THORNTON — It wouldn't be uncommon to hear high school coaches say that they're players are going to give them a heart attack. For Greeley West boys swimming coach Colin Shaha, there's nothing to laugh about when thinking about that scenario.
Shaha watched anxiously, paced nervously and smiled proudly through the final day of the Class 4A boys state swim meet. When the night was over, his Spartans were state champions. But there was a point in the season where there was genuine concern that Shaha would see the season through.
There was concern that his life was in danger.
What felt like heartburn for months turned out to be something more serious than that. When Shaha finally saw a doctor, it was revealed that he had an artery with a 98 percent blockage. He wasn't having heartburn. He was having a heart attack.
"When we were first heard, I mean I was stunned," senior Nathan Kenigsberg said. "I didn't know the severity of it. I was scared and really worried for him."

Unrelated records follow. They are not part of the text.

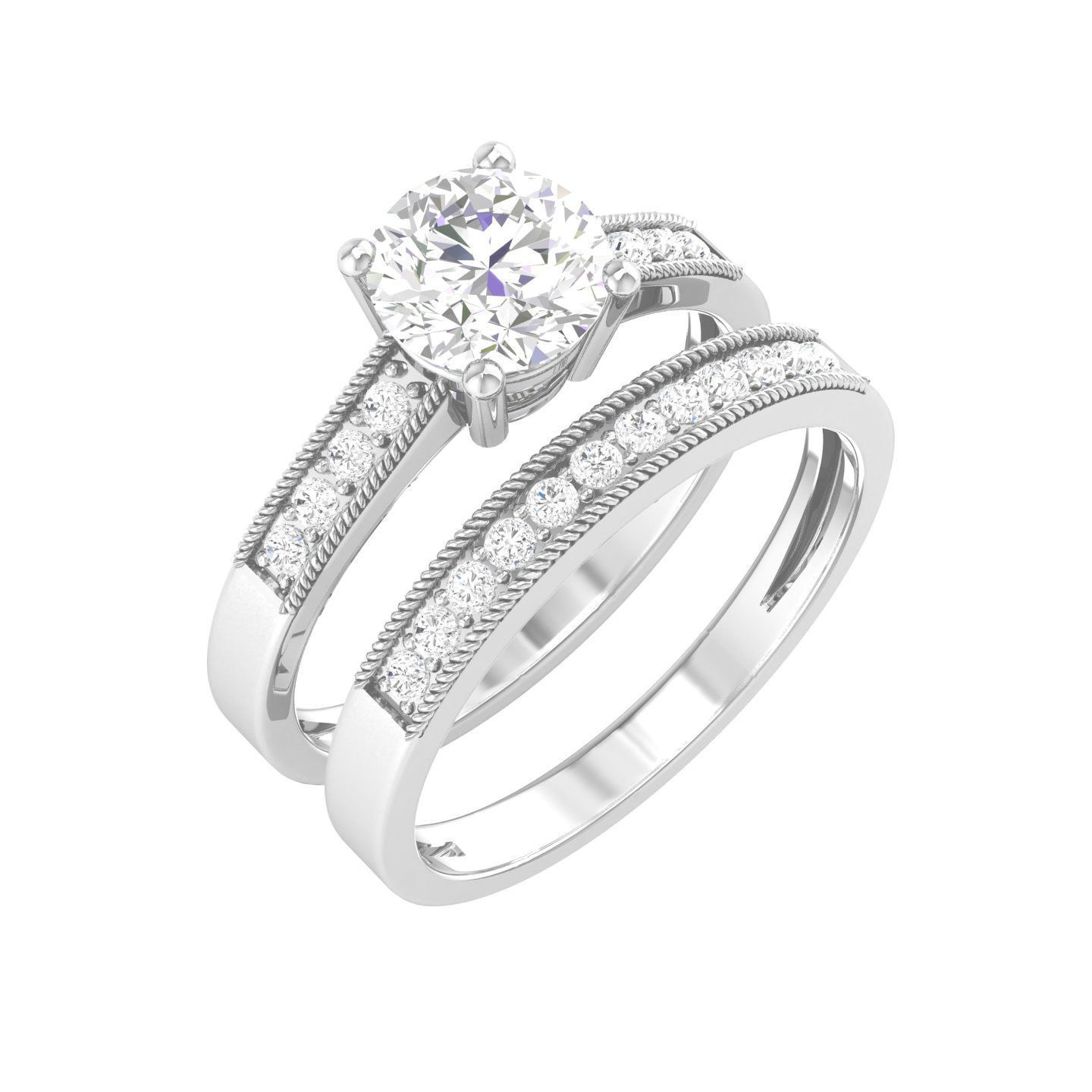 Solitaire Ring with Band - 140671 3D print model_7
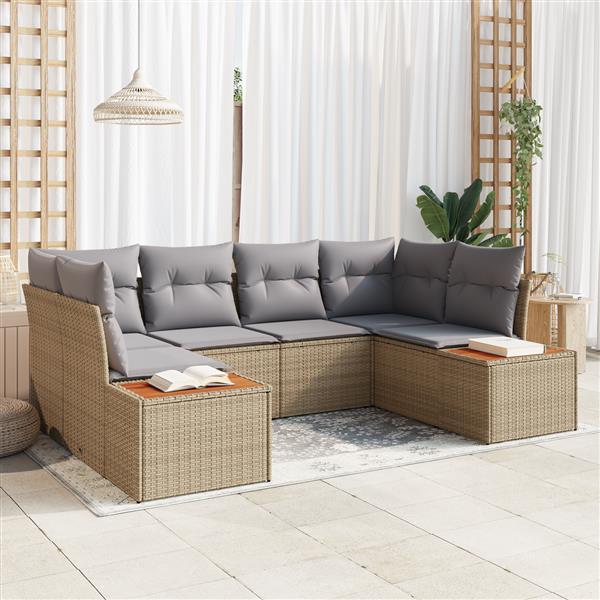 Grote foto vidaxl 6 delige tuinset met kussens beige poly rattan en acacia tuin en terras tuinmeubelen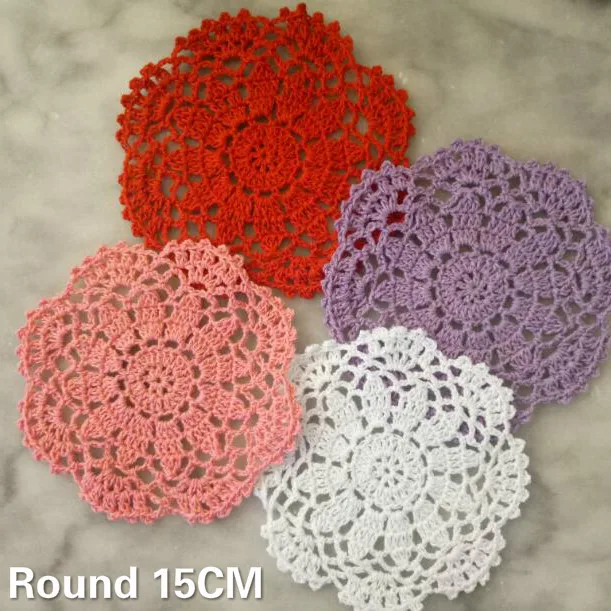 

15CM Round Handmade Crochet Flowers Cotton Doily Bowl Pad Cup Mat Insulation Pad Mantel Individual Coffee Drink Table Coaster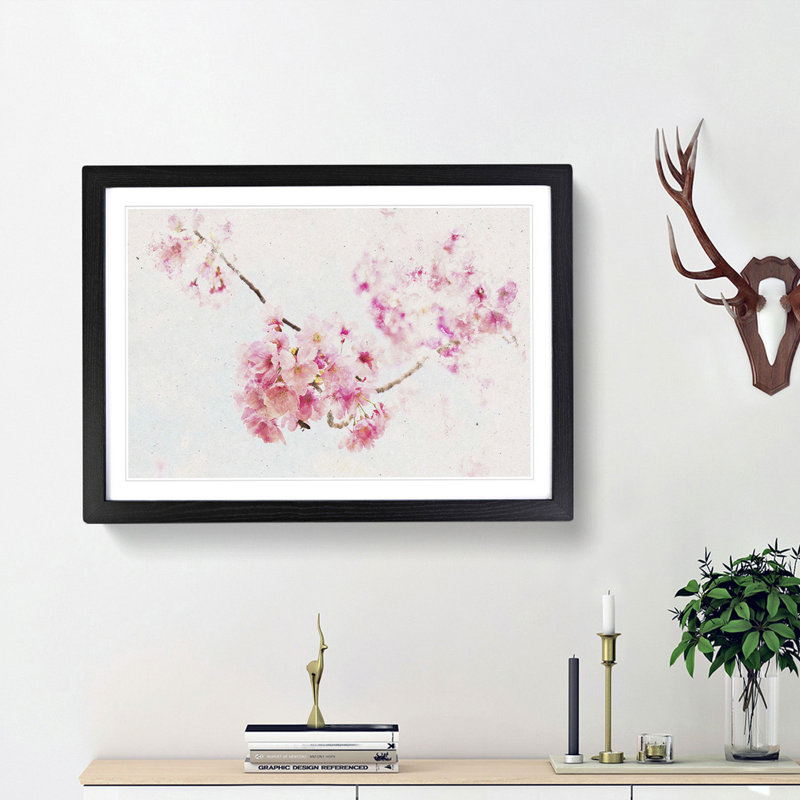 Pink Sakura Blossom Tree in Bloom - Picture Frame Graphic Art Print, 62cm H x 87cm W x 2cm D, Black Framed
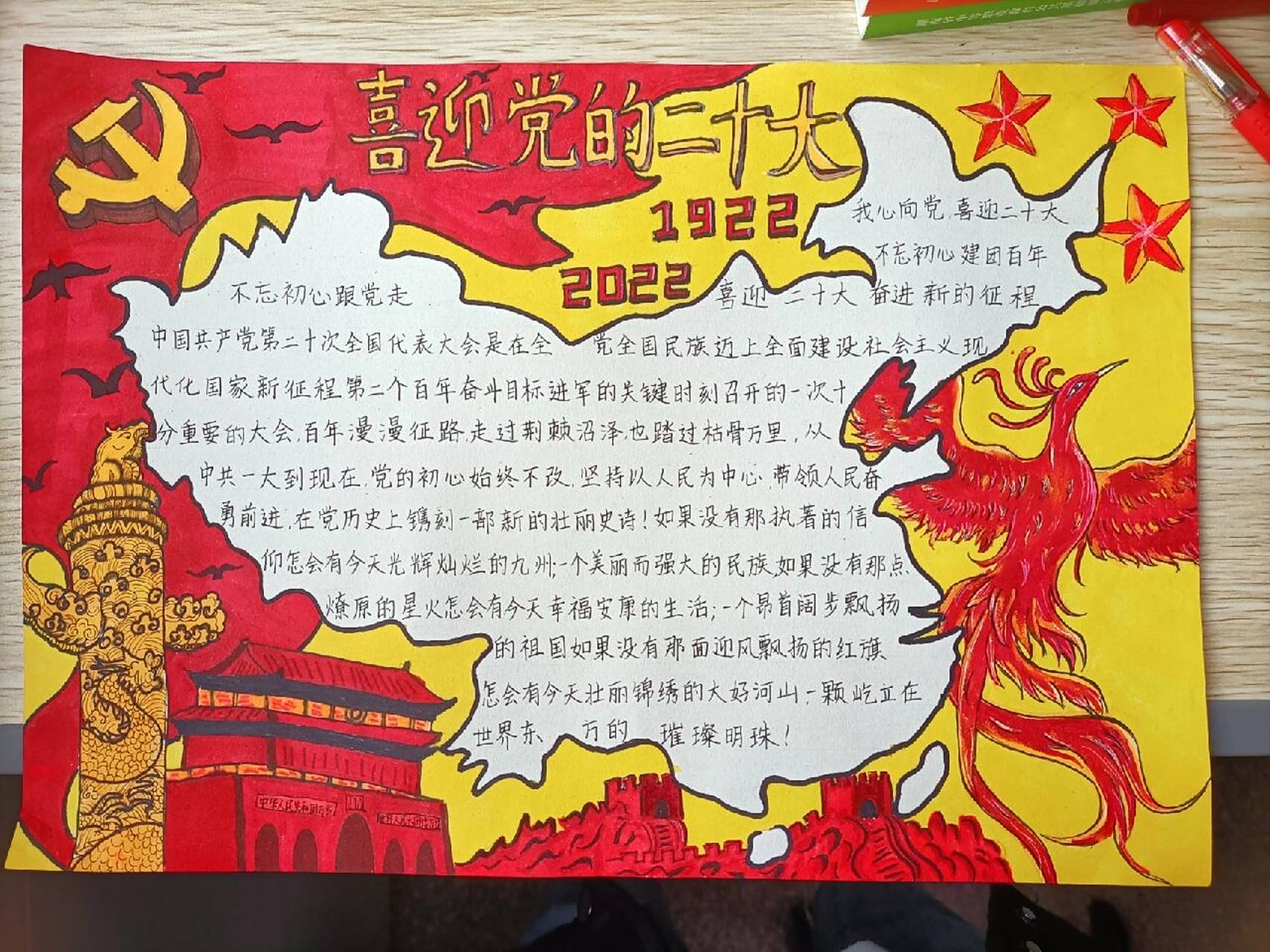 喜迎党的二十大手抄报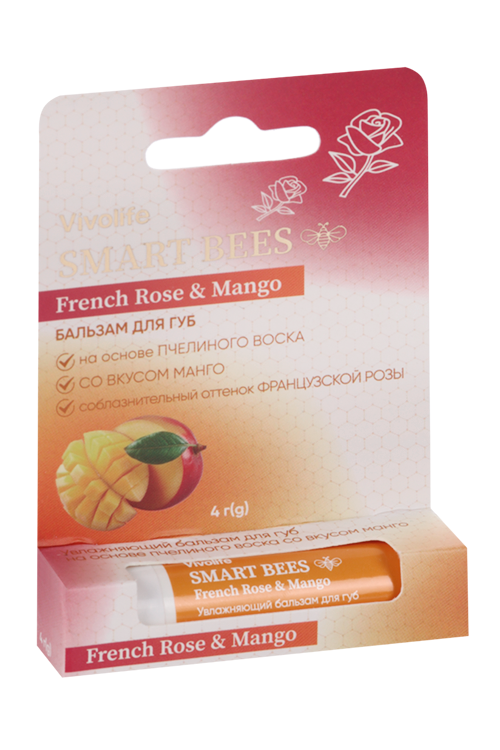 

Бальзам Vivolife д/губ Smart Bees French Rose& Mango, 4 г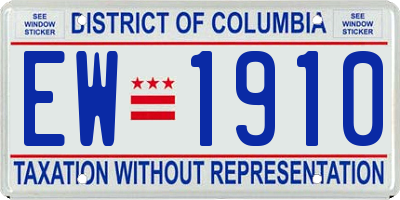 DC license plate EW1910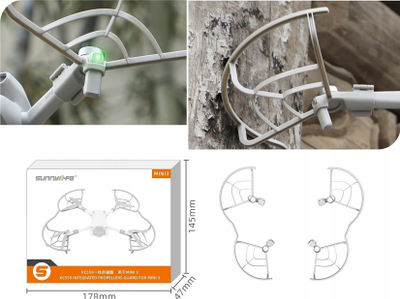 Mbrojtëse helikash SUNNYLIFE për DJI Mini 3, set 4 copë, plastike e lehtë, gri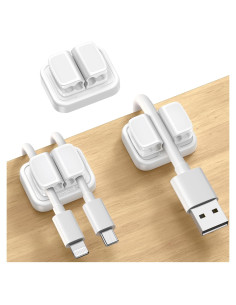 Organizador de Cables Lamicall 3 en 1 Clip Resorte Blanco 3Pcs
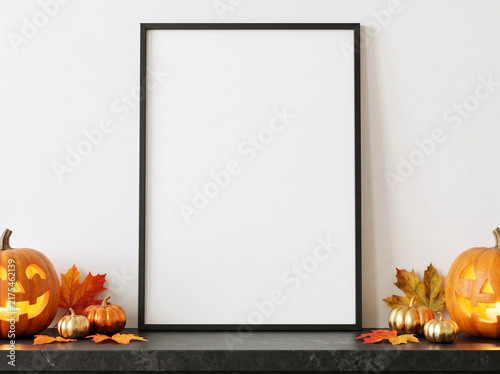 Picture frame mockup surrounded by glowing jack-o-lanterns, and autumn leaves on a dark mantel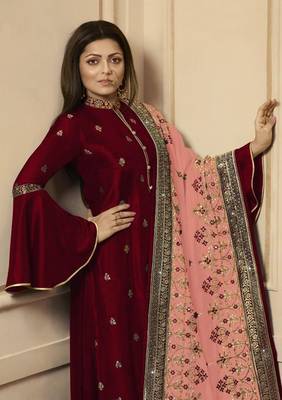 Red embroidered silk salwar 2
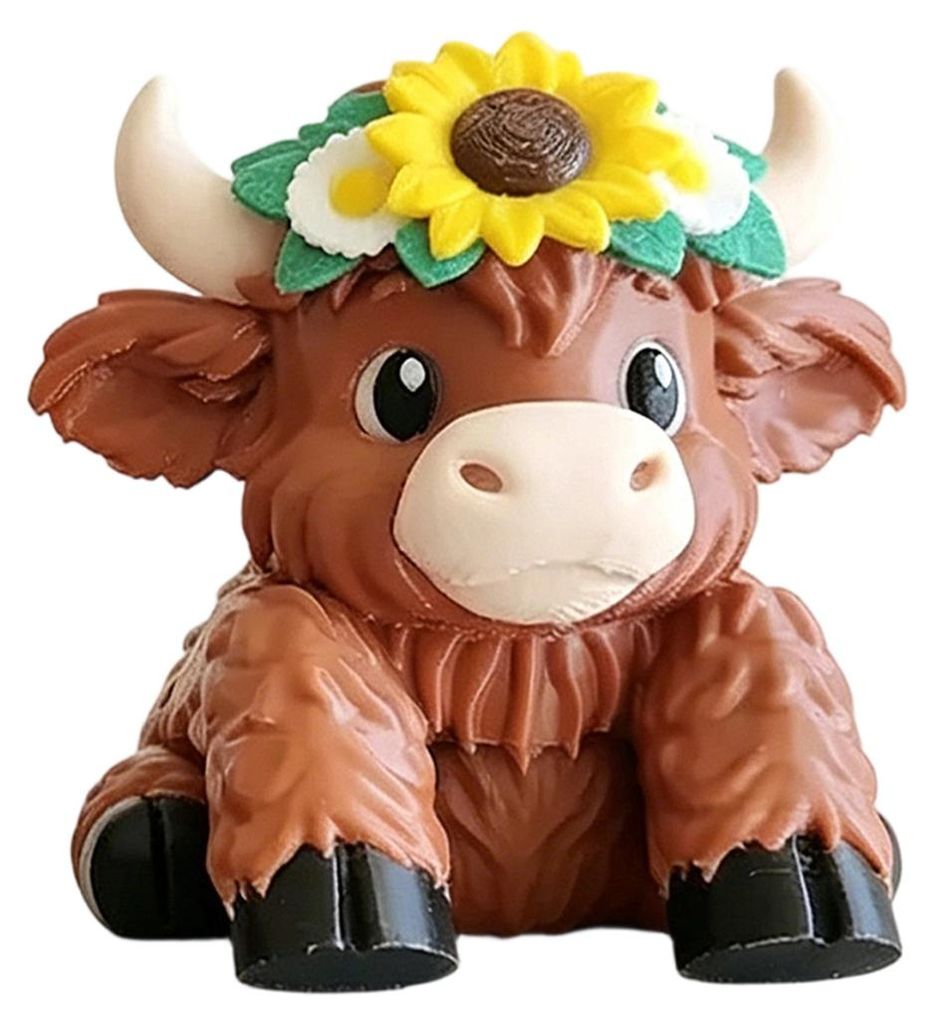 Niedliche Hochlandrind-Figur, Mini-Kuh-Bildschirmaufsatz, 3D-gedrucktes Bauernhaustier, Computermonitor-TV-Pflanzgefäß-Dekoration für Kuhliebhab...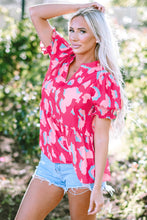 Cargar imagen en el visor de la galería, Rose Abstract Print Smocked Puff Sleeve V Neck Blouse
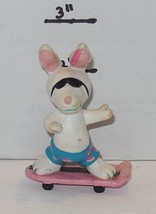 Vintage 1989 Applause Beach Bunnies Skateboarding Bunny Rabbit PVC Figure Rare - £11.49 GBP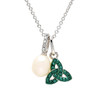Sterling Silver Trinity Necklace with Pearl and Green Crystals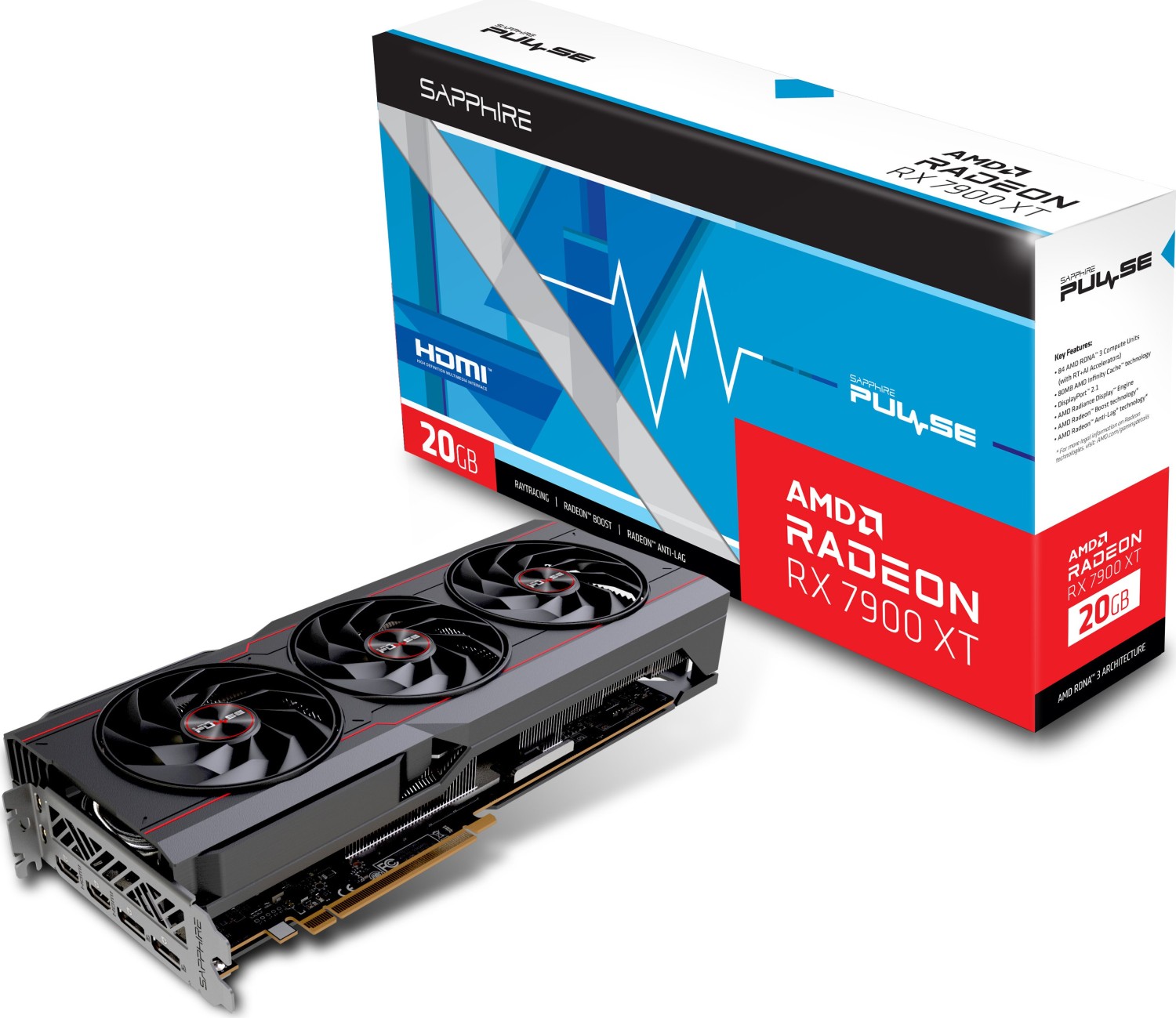 Sapphire Pulse Radeon RX 7900 XT B-Ware - 20GB GDDR6, 2x HDMI, 2x DP, lite retail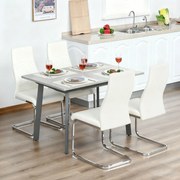 Conjunto de 4 Cadeiras de Sala de Jantar (MESA NÃO INCLUIDA) com Assento Acolchoado e Pés de Metal Cadeiras Cantilever Modernas 45x61x98 cm Creme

A stent was placed and Shaha was on his way to recovery. Word eventually got around in Greeley and Kenigsberg and his teammates were given some good news.
"Luckily my dad is a doctor," Kenigsberg said. "I got an update fairly quickly."
Shaha felt good enough to make it to the Spartans next meet, but the doctors advised against it. He listened. And not too long later, he was watching his athletes hoist a state championship trophy, the first in program history.
And he'll quickly point out that it wasn't motivation after a heart attack that brought home gold, it was the drive and determination of the Spartans to do something special for the community.
"Greeley is a punchline to a national joke," Shaha said. "'What's the opposite of Hawaii?' 'Greeley.' I've been working around swimming most of my adult life. I think about Greeley swimmers; I think a lot about Greeley kids. And this is huge."
It took a little bit of good fortune for the Spartans to get themselves into contention. In the 200-yard medley relay, the first event of the day, two Discovery Canyon swimmers jumped in the pool at the conclusion of the race. The infraction meant they were disqualified from each of their next event.
Those DQ's took precious points on the board and Greeley West knew it had to capitalize on it.
"We got a lucky break," Kenigsberg said. "But there was nothing but happiness with the way the team put everything into it. Caden Gillmore had the best meet I've ever seen from anybody. He did incredible."
The Spartans finished with 323 points to Discovery Canyon's 307. It's the second-straight runner-up finish for the Thunder.
Broomfield's Harrison Lierz had a standout day. He claimed two individual titles for the Eagles and helped them win the 200 freestyle relay. He swam that relay race then came right back to win the 100 backstroke.
"I feel like I swam really well this week," Lierz said. "I was really happy with how I did, especially with that being like five minutes after the relay."